As Juno closed in on New York City on Monday, and Mayor Bill de Blasio announced a potentially catastrophic storm, one niche industry would surely feel the impact. You can golf in the cold, but you can’t golf in the snow.

Monica Davis, the general manager at the Pelham Bay and Split Rock Golf Course in the Bronx, said that the course isn’t closed during the winter. The cold alone doesn’t deter the faithful. On Martin Luther King Day, with temperatures hovering between the high 30s and low 40s, around 140 people came out to play, she said.

However, when it snows, the course must shut down. And while the weather might be an inconvenience for golfers, it’s a major business consideration for the courses themselves. Davis says that when they do the budget in October, they try to guess what kind of impact the storms will have.

“We budget based on weather patterns,” said Davis. “And we use anywhere from five to ten-year averages of weather.”

On Monday afternoon, she anticipated that the course would be closed for 10 to 12 days after the storm.

The Chelsea Piers Golf Club in Manhattan has the distinct advantage of being a driving range rather than a full golf course. Nevertheless, the course had teams of four working through the night on Monday to clear the snow. “Once you get to five inches, then we’ve got to clear it,” said the vice president and general manager, David Beltre. “You don’t wait for more than six inches to do it.” Though the driving range was closed during the blizzard, the club was open regular business hours, and on Tuesday morning three clients came in to use the indoor golf simulators. The range was back up and running by Tuesday afternoon.

Doug Johnstone is the superintendent and concessionaire at the Silver Lake Golf Course in Staten Island, a public course that is not subsidized by the city. In preparation for Juno, he readied his equipment, which included a snow blower, a Ford F550 dump truck with a 9-foot plow blade, a truck with a salter, and lot of shovels. Johnstone said there is a tremendous amount of extra maintenance, labor, and expense that comes along with each snowfall. Some staff members were told not to come in on Tuesday, and Johnstone and his partner Eve Taranto worked with a skeleton crew of maintenance workers to clear the sidewalks and parking lots.

But even with Juno, this winter has been better than last year, when the course was closed for three months and only the restaurant stayed open. On snow-less winter days with temperatures in the 20s, Silver Lake usually gets a dozen golfers. As the temperature rises, so does attendance.

Snow days at Silver Lake also bring the added phenomenon of trespassing sledders. The Parks Department website declares, “Please note that while sledding is allowed in New York City Parks, it is illegal to go sledding on golf courses.” Staten Islanders, however, seemed to take that as more of a suggestion than a hard rule.

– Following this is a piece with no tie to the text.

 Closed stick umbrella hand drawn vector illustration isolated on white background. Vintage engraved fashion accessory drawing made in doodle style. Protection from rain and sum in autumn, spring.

On Tuesday afternoon, there were more than 20 school-age children whizzing down hills near the sixth and seventh holes.

Peter Mckee and Connor Peterson, both 16, live nearby. On the back of the eighth green they were building a snowboard jump. “We used to go sledding when we were little,” said Mckee. “The snow is a little loose, but we’ll try.”

Johnstone says that after a snowfall, people will cut holes in the fence and let themselves in. “Do we have a security guard to stop people from sledding? No, we do not,” said Johnstone. “It’s clearly posted there’s no sledding on the golf courses.”